Concept · Encrypted handles

Encrypted inputs + handles

Three types wrap FHE state at the SDK boundary. Knowing which is which removes a class of misuse — passing an EncryptedInput where the contract wants a handle, or trying to decrypt a write proof.

EncryptedInput — what you submit#

An EncryptedInput is a discriminated union: { type: "euint64", value: bigint }, { type: "euint128", value: bigint }, and so on. The SDK turns this into a ciphertext + Zama proof bundle just before the tx submits, via the injected encryptor.

You usually never see EncryptedInput directly — write hooks like useCreateVesting take a { amount: bigint, ... } arg and wrap it for you. The type is exposed for two cases: batch encryption (where you build an N-input proof in one round-trip) and bring-your-own relayer paths.

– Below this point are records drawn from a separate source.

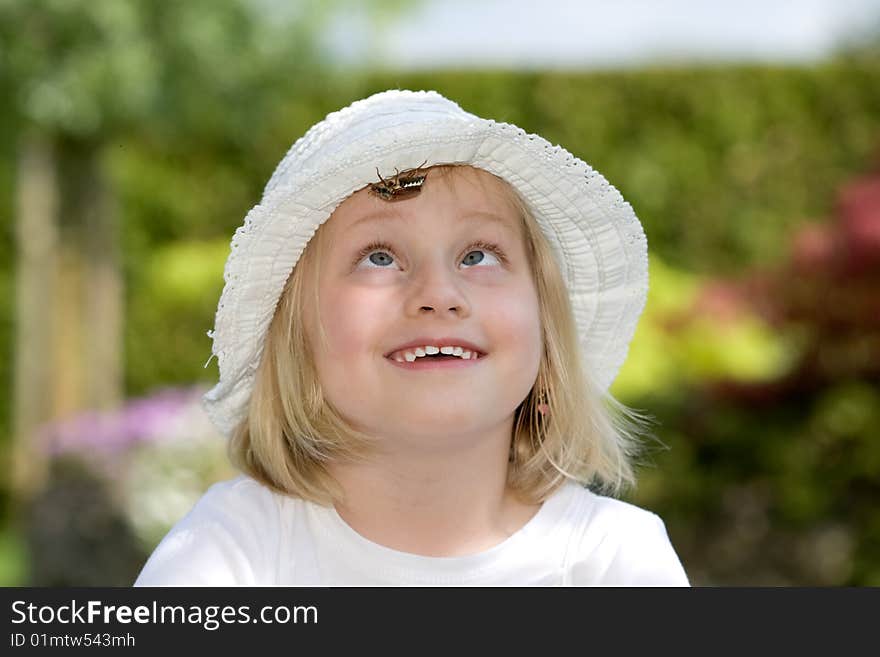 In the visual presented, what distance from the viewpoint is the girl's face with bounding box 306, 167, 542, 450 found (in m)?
1.63

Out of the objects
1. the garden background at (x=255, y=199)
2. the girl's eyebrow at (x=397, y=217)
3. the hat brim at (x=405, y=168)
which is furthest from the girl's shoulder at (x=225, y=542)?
the garden background at (x=255, y=199)

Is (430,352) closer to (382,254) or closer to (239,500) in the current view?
(382,254)

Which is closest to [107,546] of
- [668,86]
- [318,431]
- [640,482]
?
[640,482]

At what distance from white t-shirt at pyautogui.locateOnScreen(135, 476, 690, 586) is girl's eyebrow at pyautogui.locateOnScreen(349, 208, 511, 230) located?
46cm

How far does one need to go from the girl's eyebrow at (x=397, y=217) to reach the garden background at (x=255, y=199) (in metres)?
2.90

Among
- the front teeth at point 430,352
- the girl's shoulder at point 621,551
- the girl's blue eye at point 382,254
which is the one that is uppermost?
the girl's blue eye at point 382,254

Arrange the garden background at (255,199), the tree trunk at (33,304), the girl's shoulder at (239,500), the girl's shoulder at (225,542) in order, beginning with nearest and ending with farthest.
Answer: the girl's shoulder at (225,542) < the girl's shoulder at (239,500) < the garden background at (255,199) < the tree trunk at (33,304)

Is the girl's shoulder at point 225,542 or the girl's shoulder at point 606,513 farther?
the girl's shoulder at point 606,513

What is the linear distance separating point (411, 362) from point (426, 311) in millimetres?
80

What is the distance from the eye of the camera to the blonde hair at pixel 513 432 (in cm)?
179

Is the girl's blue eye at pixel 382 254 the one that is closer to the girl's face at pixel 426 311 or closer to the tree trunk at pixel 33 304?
the girl's face at pixel 426 311

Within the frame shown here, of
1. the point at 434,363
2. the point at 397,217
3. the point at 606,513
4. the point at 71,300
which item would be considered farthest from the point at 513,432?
the point at 71,300

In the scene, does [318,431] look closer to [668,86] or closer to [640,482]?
[640,482]

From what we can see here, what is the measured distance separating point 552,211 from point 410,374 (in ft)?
1.32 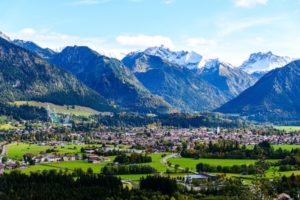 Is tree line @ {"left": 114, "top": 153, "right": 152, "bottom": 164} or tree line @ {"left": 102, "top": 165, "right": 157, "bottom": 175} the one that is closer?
tree line @ {"left": 102, "top": 165, "right": 157, "bottom": 175}

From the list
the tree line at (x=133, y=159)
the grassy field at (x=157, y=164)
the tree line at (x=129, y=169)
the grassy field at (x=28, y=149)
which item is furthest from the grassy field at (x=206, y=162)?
the grassy field at (x=28, y=149)

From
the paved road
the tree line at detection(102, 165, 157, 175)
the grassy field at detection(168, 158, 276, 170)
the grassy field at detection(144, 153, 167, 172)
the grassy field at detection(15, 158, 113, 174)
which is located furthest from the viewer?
the paved road

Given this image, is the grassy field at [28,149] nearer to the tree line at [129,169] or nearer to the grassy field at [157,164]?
the grassy field at [157,164]

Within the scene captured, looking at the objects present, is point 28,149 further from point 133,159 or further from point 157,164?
point 157,164

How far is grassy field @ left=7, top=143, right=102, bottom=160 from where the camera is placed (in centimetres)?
15362

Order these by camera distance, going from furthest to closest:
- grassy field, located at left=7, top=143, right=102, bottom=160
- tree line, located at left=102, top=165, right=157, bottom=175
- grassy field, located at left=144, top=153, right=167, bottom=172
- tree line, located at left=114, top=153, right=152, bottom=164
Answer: grassy field, located at left=7, top=143, right=102, bottom=160, tree line, located at left=114, top=153, right=152, bottom=164, grassy field, located at left=144, top=153, right=167, bottom=172, tree line, located at left=102, top=165, right=157, bottom=175

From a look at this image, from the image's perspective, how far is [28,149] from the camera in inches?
6609

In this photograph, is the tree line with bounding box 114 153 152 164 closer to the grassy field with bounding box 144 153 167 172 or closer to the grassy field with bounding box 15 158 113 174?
the grassy field with bounding box 144 153 167 172

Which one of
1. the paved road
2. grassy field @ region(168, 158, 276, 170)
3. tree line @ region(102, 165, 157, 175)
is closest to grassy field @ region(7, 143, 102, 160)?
the paved road

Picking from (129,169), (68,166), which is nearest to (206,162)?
(129,169)

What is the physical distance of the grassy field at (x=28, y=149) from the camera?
154 m

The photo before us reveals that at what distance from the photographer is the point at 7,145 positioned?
18038 cm

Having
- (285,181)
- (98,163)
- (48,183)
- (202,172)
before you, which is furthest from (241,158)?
(48,183)

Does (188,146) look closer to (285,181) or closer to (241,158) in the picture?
(241,158) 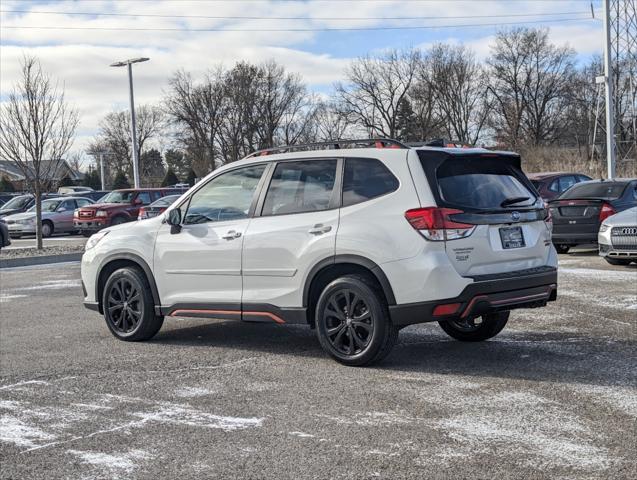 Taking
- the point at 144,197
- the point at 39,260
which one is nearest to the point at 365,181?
the point at 39,260

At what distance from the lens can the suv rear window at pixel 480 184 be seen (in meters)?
6.79

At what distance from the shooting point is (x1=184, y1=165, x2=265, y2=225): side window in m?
7.81

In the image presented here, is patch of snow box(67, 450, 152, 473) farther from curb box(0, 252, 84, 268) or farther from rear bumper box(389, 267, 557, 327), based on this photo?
curb box(0, 252, 84, 268)

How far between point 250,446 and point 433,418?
1248mm

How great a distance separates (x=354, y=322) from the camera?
692 cm

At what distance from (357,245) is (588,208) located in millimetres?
10254

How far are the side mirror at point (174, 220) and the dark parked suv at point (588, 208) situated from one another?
394 inches

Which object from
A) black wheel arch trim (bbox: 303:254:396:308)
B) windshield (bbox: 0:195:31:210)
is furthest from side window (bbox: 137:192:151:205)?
black wheel arch trim (bbox: 303:254:396:308)

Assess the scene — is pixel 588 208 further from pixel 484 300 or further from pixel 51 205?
pixel 51 205

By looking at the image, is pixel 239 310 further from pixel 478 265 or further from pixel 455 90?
pixel 455 90

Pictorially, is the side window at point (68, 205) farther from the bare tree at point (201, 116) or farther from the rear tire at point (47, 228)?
the bare tree at point (201, 116)

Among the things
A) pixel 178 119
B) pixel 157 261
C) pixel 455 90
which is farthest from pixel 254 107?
pixel 157 261

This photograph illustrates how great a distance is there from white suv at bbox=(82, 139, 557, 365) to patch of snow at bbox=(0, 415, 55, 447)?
2482mm

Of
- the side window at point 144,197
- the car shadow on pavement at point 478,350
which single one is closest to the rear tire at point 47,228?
the side window at point 144,197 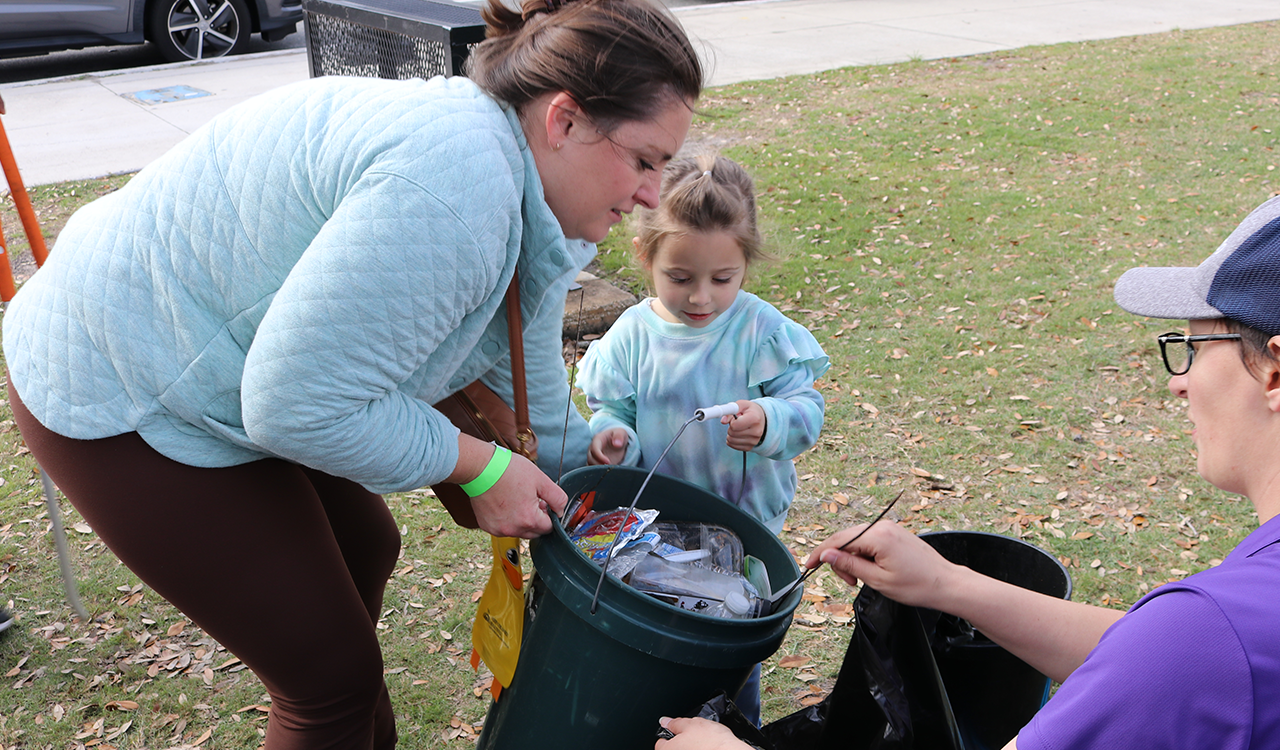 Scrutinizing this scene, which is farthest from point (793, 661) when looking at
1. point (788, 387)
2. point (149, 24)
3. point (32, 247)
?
point (149, 24)

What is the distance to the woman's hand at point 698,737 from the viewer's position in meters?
1.54

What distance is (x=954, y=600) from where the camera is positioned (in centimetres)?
170

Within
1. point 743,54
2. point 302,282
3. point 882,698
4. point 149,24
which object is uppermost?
point 302,282

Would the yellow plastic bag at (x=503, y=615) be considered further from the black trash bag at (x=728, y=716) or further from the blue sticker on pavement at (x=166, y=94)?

EncryptedHandle — what lives on chain#

An EncryptedHandle is a bytes32 string. It's what the contract stores in place of a cleartext uint64 / uint128. The SDK types it as a branded Hex string so it doesn't collide with regular tx hashes or addresses.

Handles flow OUT of read hooks (encrypted views) and INTO write hooks (transfers, disperse, splits). The handle itself reveals nothing — it's just a pointer into the coprocessor's ciphertext storage.

EncryptedViewResult — what an FHE read returns#

Some "reads" are actually mutations because the contract has to call FHE.allow on each access to grant ACL to the caller. useGetVestedAmount, useGetClaimableAmount, and their admin variants all return { handle, hash }:

  • handleis the encrypted result you'll decrypt
  • hash is the tx hash that granted you ACL

Pair the handle with useDecryptedHandle to get the plaintext via the connected wallet's signature.